И тут я вспомнил, что уже слышал его однажды, этот истошный короткий звук, бьющий в голову, после которого кровь идет через уши. А затем узнал и физию. Это было то самое существо, что охотилось на моего преследователя-гастронома в мою первую венерианскую ночь.
– Будь осторожен, – предостерег Камлот. – Он сейчас нападет.
Как только мой спутник произнес эти слова, чудовище набросилось на нас. Его тело покрывала длинная щетина, а над глазами были желтые пятна величиной с блюдце. Оно дико завопило уже регистром пониже, пытаясь нас запугать.
Камлот взмахнул тяжелым дротиком, и тот глубоко вонзился в мерзкое тело разъяренного чудовища. Но это зверя не остановило. Тварь рванулась к Камлоту. Брошенное мною копье попало ему в бок, но чудовище продолжало нападение. Я с ужасом видел, как оно повалило Камлота на ветвь.
И Камлот, и паук привыкли к жизни на деревьях, но мне нигде не хватало надежной опоры – за что ни хватался, все лопалось. Конечно, ветви были очень толстые да еще и переплетались между собой, но я не чувствовал себя так, как на твердой земле. Но об этом думать было уже некогда. Над Камлотом нависла смертельная опасность. Я подбежал к чудовищу и изо всех сил шарахнул его по голове. Оно тут же оставило Камлота и повернулось ко мне. Из-за глубоких ран его движения были уже гораздо медленнее.
Нанося удары по этой твари, я с ужасом заметил, что Камлот лежит без движения, точно мертвец. Но я смотрел на него долю секунды, так как не мог отвлекаться от зверя. Тот оказался потрясающе живучим. У него из ран так хлестала кровь, что я удивлялся, как он еще не издох. И все-таки он пытался схватить меня клешнями на передних лапах и подтащить к своей страшной пасти.
У вепайянских мечей обоюдоострые клинки, которые становятся толще кверху. Они представляют собой грозное режущее оружие, хотя не очень сбалансированное, на мой взгляд. Я смог убедиться в его боеспособности, когда одним ударом отсек страшную клешню, тянувшуюся ко мне. При этом чудовище взревело еще более страшно и из последних сил прыгнуло на меня, как пауки прыгают на свою жертву. Я ударил опять, отступил и вонзил острие прямо в отвратительную морду. Но засранец, падая, подмял меня под себя. Боже, как он вонял!
От толчка я оступился и свалился с ветки. К счастью, мое падение задержало переплетение мелких ветвей. Хватаясь за них, я сумел остановиться и очутился на ровном широком суку футов на десять-пятнадцать ниже. Меч оставался у меня в руках. Я был цел и невредим и принялся изо всех сил карабкаться вверх, к Камлоту на помощь. Но мое участие больше не требовалось: этот громадный ужас, или тарго по-амториански, был мертв.

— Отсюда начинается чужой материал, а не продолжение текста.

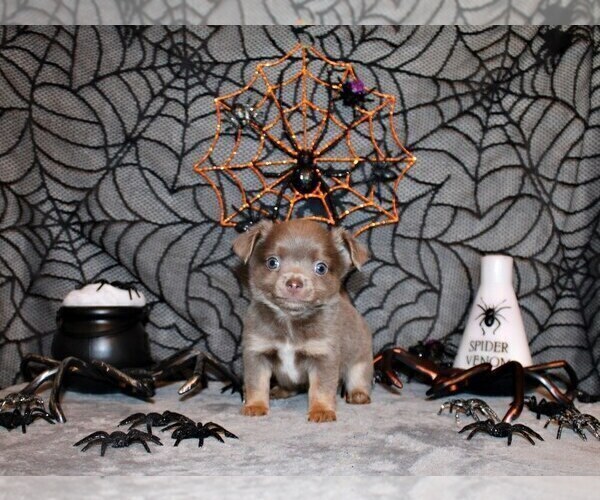 Medium Photo #3 Chihuahua Puppy For Sale in CHARLESTON, AR, USA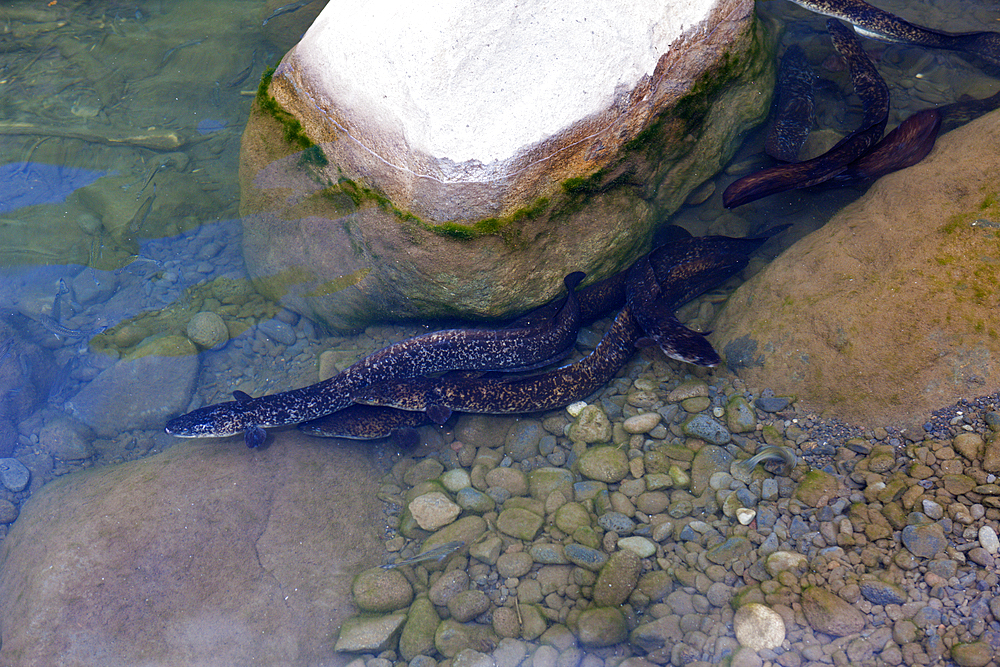 Freshwater Eels in Papenoo River, Tahiti, French Polynesia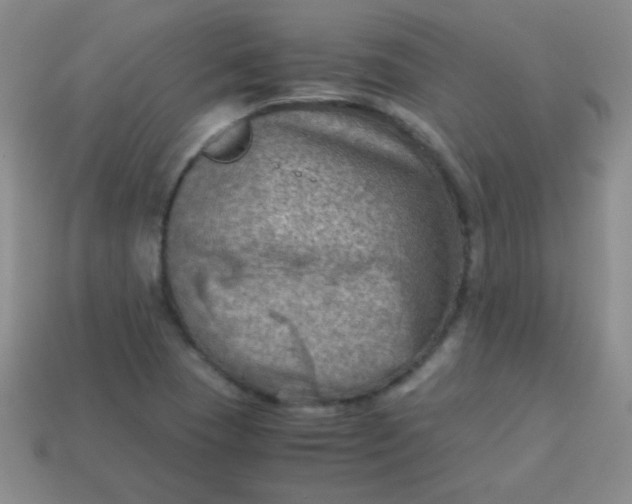 X0000113591409200910091450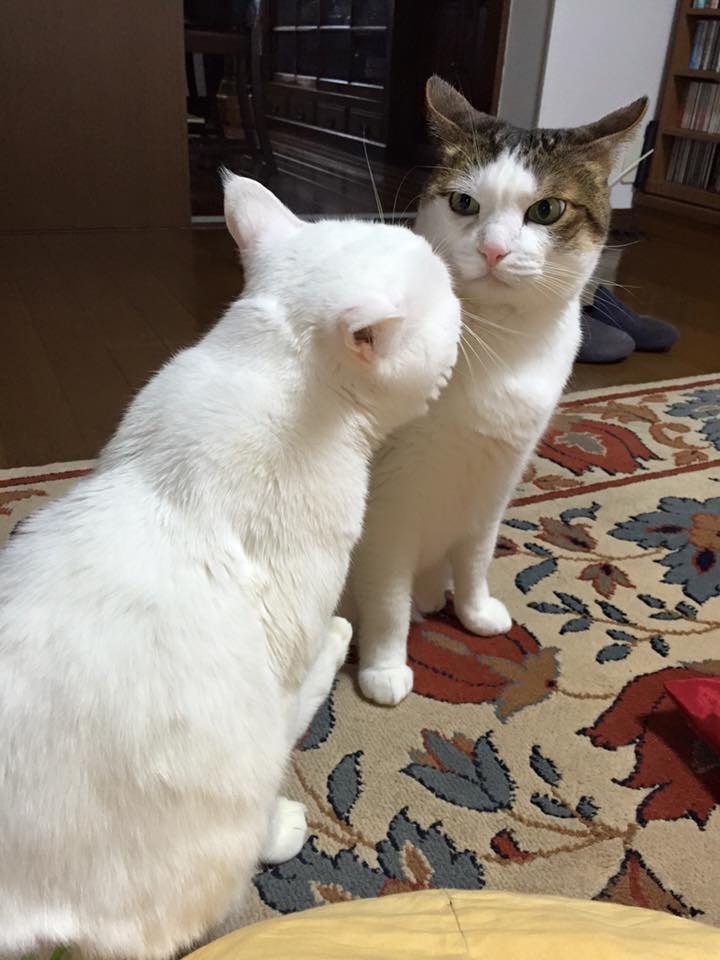2015.12.31 ケンタ＆ミィ.jpg
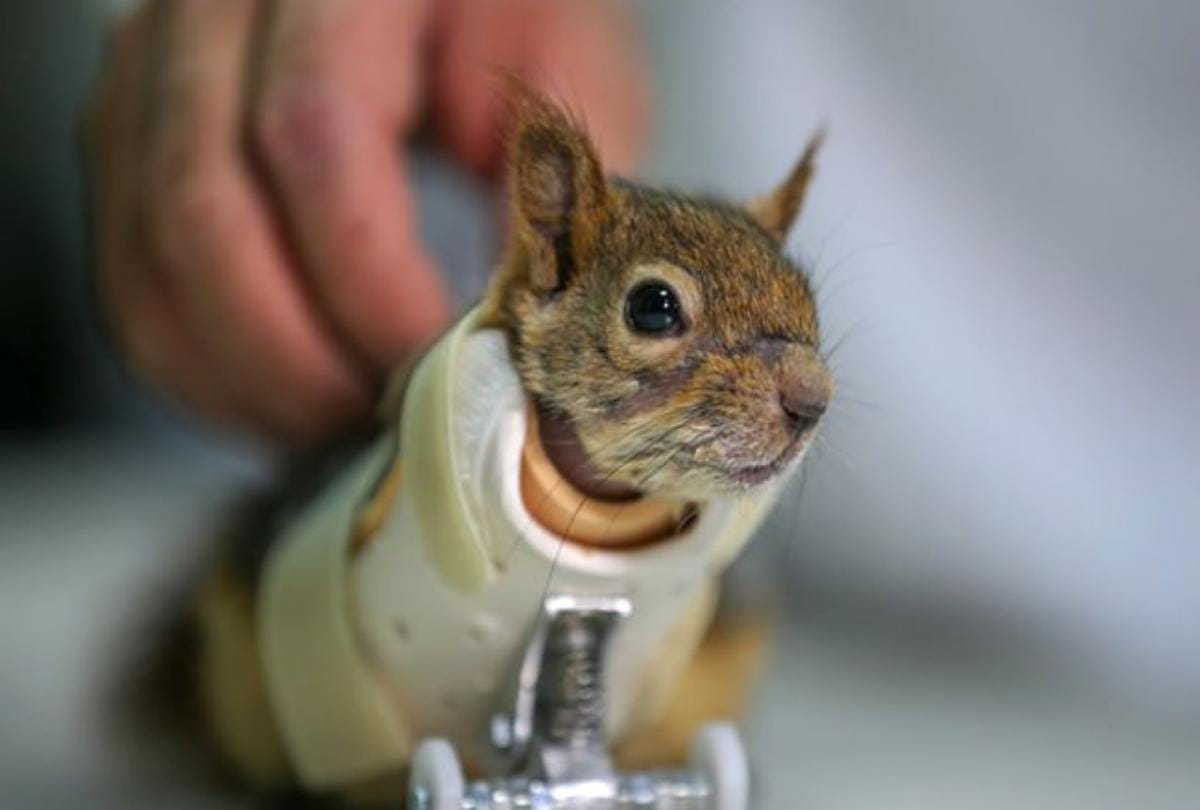 Prosthetic wheels help turkish squirrel and get back on its paws
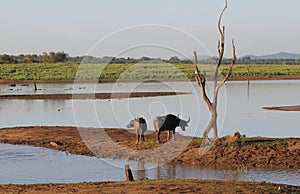 Small herd of wild buffalo resting in water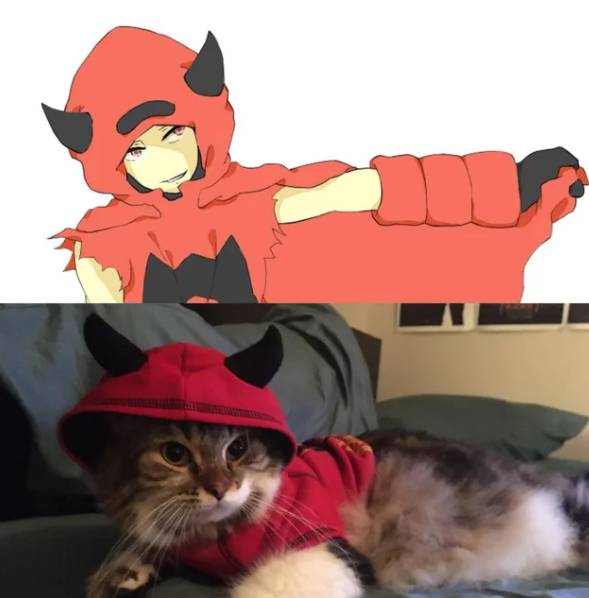 potret lucu kucing cosplay Pokémon (reddit.com/onederful)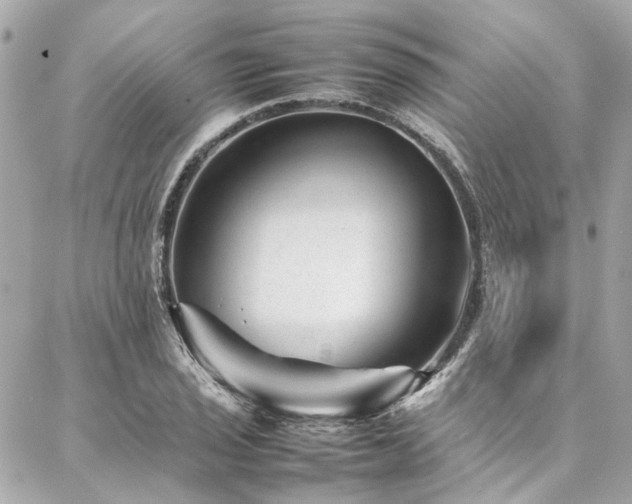 X0000086971029200704161538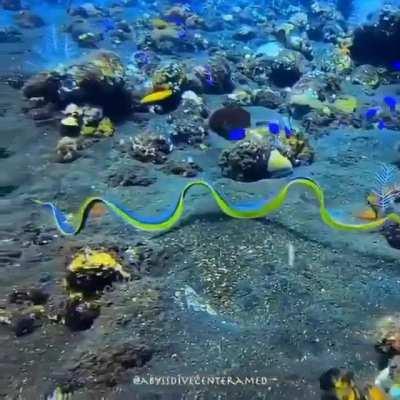 This eel smoothly moving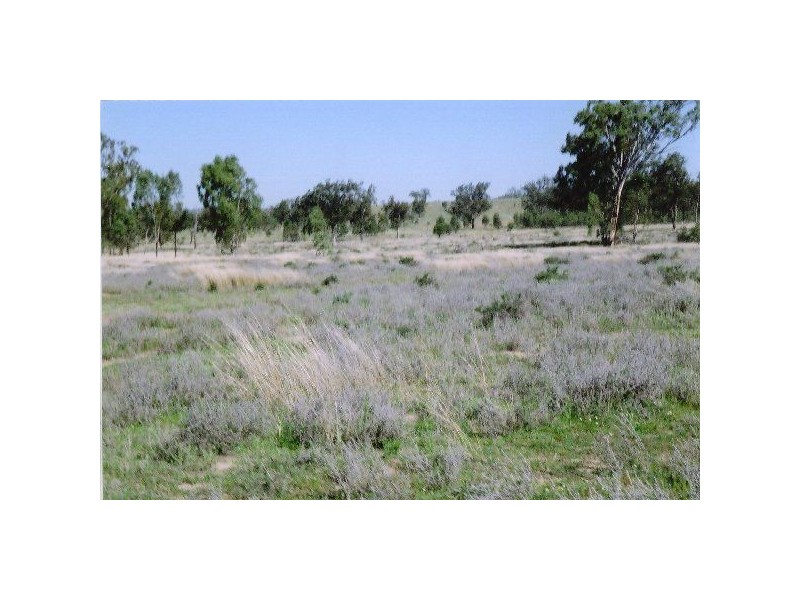 1816 Acres “Limestone”, Texas NSW 4385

Но и Камлот тоже погиб – биения сердца не было слышно и пульс не прощупывался.
У меня самого замерло сердце – ведь я потерял одного из немногих друзей в этом мире, остался один – в общем, пропал. Дорогу к вепайянскому городу мне самому было нипочем не найти, а от этого зависела моя жизнь. Я мог спуститься по деревьям, но как определить, где находится тот уровень, который мне нужен?
Подумать только, что еще сегодня утром сбор тарэля представлялся мне однообразным и скучным занятием!
VII. Могила Камлота
Раз уж мы отправились на сбор тарэля, надо было закончить работу, прерванную нападением тарго. Если мне когда-нибудь удастся отыскать дорогу обратно, я хоть смогу принести осязаемые плоды наших трудов. Но что же делать с Камлотом? Я не мог бросить его тела. Мы были знакомы недолго, но уже успели подружиться. Его народ принял меня гостеприимно. Самое меньшее, что можно теперь сделать для его близких, – доставить им его тело.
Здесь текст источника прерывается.